A century ago, Esperanto seemed poised to solve the problem of "scientific Babel."
Listen 4:02Chances are, you’ve never heard of Volapük. Gloro and Novial probably don’t ring any bells either. If you know of any constructed language, there’s a good chance it’s Esperanto.
At the very least, this “universal” language — created to be a neutral means of international communication — might sound familiar.
“Many of the words sound a bit comical to English speakers,” says Michael Gordin, a professor at Princeton University who specializes in the history of modern science. “The word for ‘bird’ in Esperanto is ‘birdo.’”
Gordin says scientists were some of the most enthusiastic supporters of goofy-sounding constructed languages when dozens of them began to be invented in the late 1800s.
Science was booming, and if you wanted to keep up, you had to know a lot of different languages. Today, English is the lingua franca of scientific research. Back then, it shared dominance in the field with two other languages: French and German.
But soon that started to change.
“Starting around the 1860s and ’70s, you get expansion of railroad networks, you get expansion of telegraph networks, people travel more easily,” Gordin says.
As the world became more interconnected, the language barriers between scientists traveling around Europe became harder to ignore. And discoveries were starting to be published in even more languages, such as Japanese and Russian.
Gordin says scientists worried they were heading toward a Tower of Babel scenario, where advances were being made but nobody could understand each other.
So some of them decided to take on a quest to find a new invention that could serve as the universal language of science.
Esperanto was one of the most popular of these constructed languages.
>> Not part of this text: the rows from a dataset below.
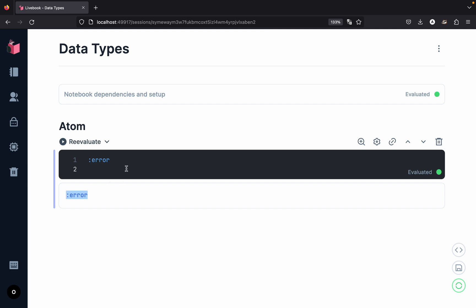Let me show you a very practical use of this kind of atom. Suppose we are working on an application and we have an error where we are not able to find a file. At that time it is very common to return a tuple — represented by curly braces. Inside the tuple, the first element is the atom `:error`, indicating something went wrong, and then we describe the reason, for example, the string "file not found". This kind of pattern is very common inside Elixir, where we have a two or three element tuple and we pattern match on it.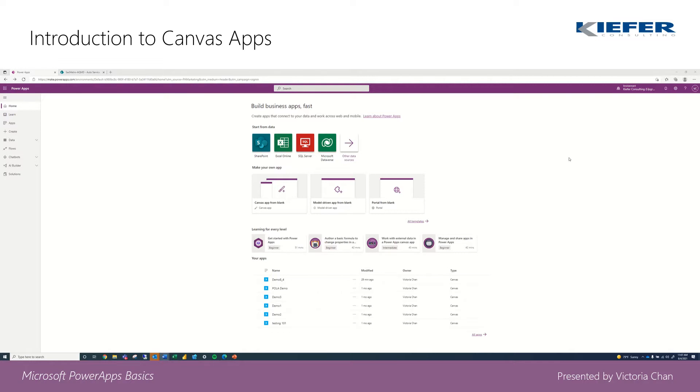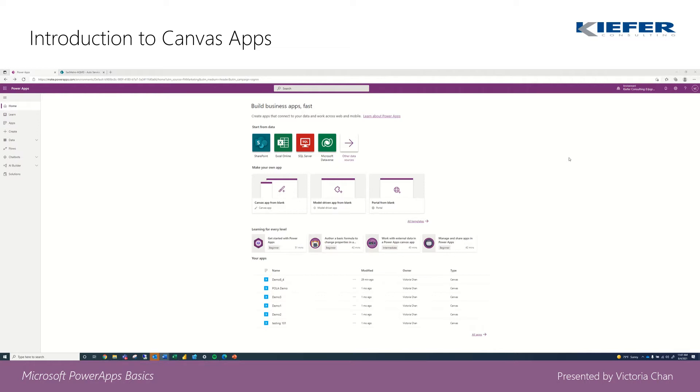So what are Power Apps? Basically, Power Apps is a tool for businesses or individuals to create custom applications. It has the power to bring process automation to a non-technical audience, so anyone could build these apps.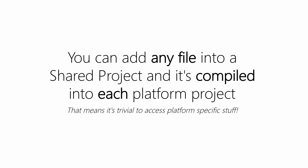The key thing to remember when you start working with platform features in a shared project is that you can add any file into a shared project and it gets compiled into each platform project. That means it's trivial to access platform-specific features because the source file is actually built as part of that platform.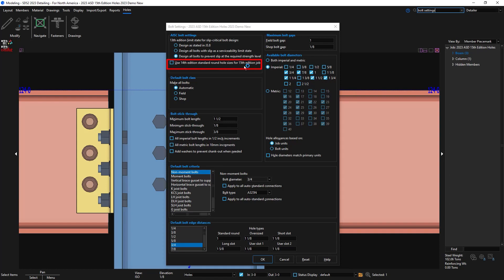In SDSU 2023, we've now added the option to use 14th edition standard round hole sizes for ASD 15th edition jobs.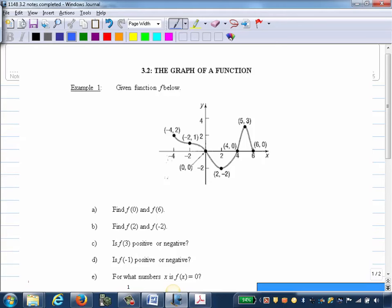Section 3.2, The Graph of a Function. Note that this section is a review of concepts you've covered in previous courses, so we're just going to go through some examples to refresh your memory.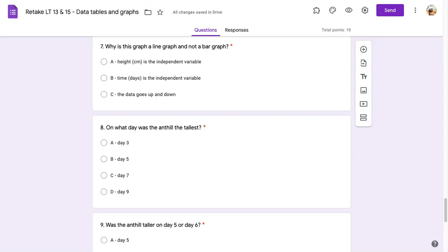A. Height in centimeters is the independent variable. B. Time in days is the independent variable. C. The data goes up and down.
A Polish ophthalmologist, L.L. Zamenhof, invented it and published the first primer in 1887. He designed Esperanto to be very easy to learn. The vocabulary draws on familiar root words from European languages, and its pronunciation and grammar consistently follow the same rules.
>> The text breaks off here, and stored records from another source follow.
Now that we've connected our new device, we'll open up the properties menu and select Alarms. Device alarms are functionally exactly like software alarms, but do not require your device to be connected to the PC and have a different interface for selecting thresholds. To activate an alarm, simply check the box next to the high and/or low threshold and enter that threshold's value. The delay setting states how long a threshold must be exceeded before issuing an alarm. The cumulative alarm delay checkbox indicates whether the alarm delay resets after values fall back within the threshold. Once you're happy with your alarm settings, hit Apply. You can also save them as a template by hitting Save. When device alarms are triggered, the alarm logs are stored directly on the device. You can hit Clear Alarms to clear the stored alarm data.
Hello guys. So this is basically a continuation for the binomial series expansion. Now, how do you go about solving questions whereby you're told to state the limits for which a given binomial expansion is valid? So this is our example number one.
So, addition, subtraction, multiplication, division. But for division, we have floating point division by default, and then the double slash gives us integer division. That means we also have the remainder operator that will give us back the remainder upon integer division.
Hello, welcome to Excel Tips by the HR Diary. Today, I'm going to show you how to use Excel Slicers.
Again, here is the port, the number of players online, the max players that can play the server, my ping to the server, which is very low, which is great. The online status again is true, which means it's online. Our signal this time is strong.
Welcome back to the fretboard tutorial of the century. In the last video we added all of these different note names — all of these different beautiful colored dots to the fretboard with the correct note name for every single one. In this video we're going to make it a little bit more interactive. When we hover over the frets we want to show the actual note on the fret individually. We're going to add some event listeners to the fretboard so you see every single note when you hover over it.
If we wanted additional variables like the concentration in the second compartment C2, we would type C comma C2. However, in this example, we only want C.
“It sounds vaguely like Portuguese,” Gordin says.
In 1907, Esperanto was the frontrunner when an international delegation of scientists met in Paris to decide which one of the constructed languages would become the new official language of science. But for some of the delegates, it wasn’t up to their rigorous scientific standards.
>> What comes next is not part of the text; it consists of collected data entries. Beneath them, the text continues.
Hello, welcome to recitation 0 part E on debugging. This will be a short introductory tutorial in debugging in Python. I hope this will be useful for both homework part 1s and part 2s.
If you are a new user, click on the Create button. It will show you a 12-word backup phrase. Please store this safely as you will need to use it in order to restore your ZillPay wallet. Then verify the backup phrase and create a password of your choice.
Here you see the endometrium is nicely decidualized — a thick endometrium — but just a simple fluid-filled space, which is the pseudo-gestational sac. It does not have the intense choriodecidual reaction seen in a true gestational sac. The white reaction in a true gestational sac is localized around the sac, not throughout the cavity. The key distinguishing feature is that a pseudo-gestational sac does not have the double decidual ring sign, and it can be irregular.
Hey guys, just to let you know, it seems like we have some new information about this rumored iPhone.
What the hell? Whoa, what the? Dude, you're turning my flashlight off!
“Esperanto is a pretty good language, but it has some quirks and weirdnesses and flaws and people quibble about it, so they want to create a new language that’s going to be absolutely perfect,” Gordin says.
In the end, they voted for a reformed version of Esperanto called Ido.
But Esperanto speakers were stubborn. Despite the vote, most of them remained loyal to Esperanto and refused to take up Ido. That created a schism, which didn’t bode well for the adoption of an international language of science.
“The perfect is the enemy of the good,” Gordin says.
But in the end, it was World War I that spelled doom for the project.
“The war ruptures internationalist instincts as people devolve into nationalism and fight,” Gordin says.
After the war, the quest to find an ideal constructed language lost steam. Gordin says World War I also started a shift toward English as the dominant international language of science. There were efforts to suppress German after the war, including a seven-year boycott against German scientists. The boycott, and the rise of the United States as a scientific power, boosted the standing of English.
Eventually, English would become the language to offer a way out of the scientific Tower of Babel. But it’s not that perfect solution scientists were hoping for a century ago.
“English does a lot of the things that Esperanto was originally intended to do,” Gordin says. “That comes with giving a huge advantage to native speakers of that language. Esperanto was supposed to be fair, and do that. And what we have now is something that does that, but isn’t fair.”